Speaking as someone having to deal with 1 state machine and 4 date fields to manage custom aspects of the state machine, the tech limitation is part of the state machine
@stephan well… consider this:
• we’re transitioning from a legacy system to our system gradually (a la strangler). Eventually all this work will be done in our new system (booking ads), and then, there won’t be a “booking” or “failure to book” (due to some external system’s rules).
• As we’ve explored the possible reasons why “booking” might fail, we’ve realized that they are all due to a lack of referential integrity in the underlying data (ads pull together concepts like property, supplier, buyer, etc). caused by allowing users to (in previous system) create and book ads from spreadsheets (Airtable)

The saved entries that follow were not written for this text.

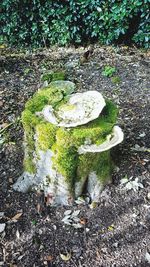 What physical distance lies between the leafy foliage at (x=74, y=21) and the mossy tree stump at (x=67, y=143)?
3151 mm

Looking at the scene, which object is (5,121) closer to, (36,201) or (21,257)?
(36,201)

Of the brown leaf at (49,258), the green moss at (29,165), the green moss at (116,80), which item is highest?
the green moss at (116,80)

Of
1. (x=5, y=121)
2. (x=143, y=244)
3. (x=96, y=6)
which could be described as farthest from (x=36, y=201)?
(x=96, y=6)

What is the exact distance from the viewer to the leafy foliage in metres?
6.71

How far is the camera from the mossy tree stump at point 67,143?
137 inches

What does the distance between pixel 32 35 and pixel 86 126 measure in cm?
483

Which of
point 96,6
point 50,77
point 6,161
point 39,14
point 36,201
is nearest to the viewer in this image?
point 36,201

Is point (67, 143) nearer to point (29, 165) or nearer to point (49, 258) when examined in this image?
point (29, 165)

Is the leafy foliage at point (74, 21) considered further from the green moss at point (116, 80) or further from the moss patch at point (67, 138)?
the moss patch at point (67, 138)

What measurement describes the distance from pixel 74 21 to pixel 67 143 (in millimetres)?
4403

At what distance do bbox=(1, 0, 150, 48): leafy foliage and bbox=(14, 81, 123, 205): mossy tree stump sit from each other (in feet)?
10.3

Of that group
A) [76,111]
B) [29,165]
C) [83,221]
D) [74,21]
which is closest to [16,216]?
[29,165]

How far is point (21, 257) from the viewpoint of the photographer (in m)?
3.60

• We’re almost certain we can avoid those data integrity issues in our current system, because the data is all managed via business rules (forms, controllers, models, etc)
• Our current plan is now changing from, Instead of asking the legacy system to book an ad, we’re going to consider it booked when the user requests it so… and then we’ll achieve eventual consistency and notify that legacy system of the new state change (since our data should be considered the source of truth).
• when that fails (legacy system doesn’t agree that booking is possible), we follow support channels to FIX THE LEGACY SYSTEM DATA.
Thus, I think we’ve just removed those states from the state machine, because they didn’t really belong to the business or the domain.
They were introduced because of a technology and a solution.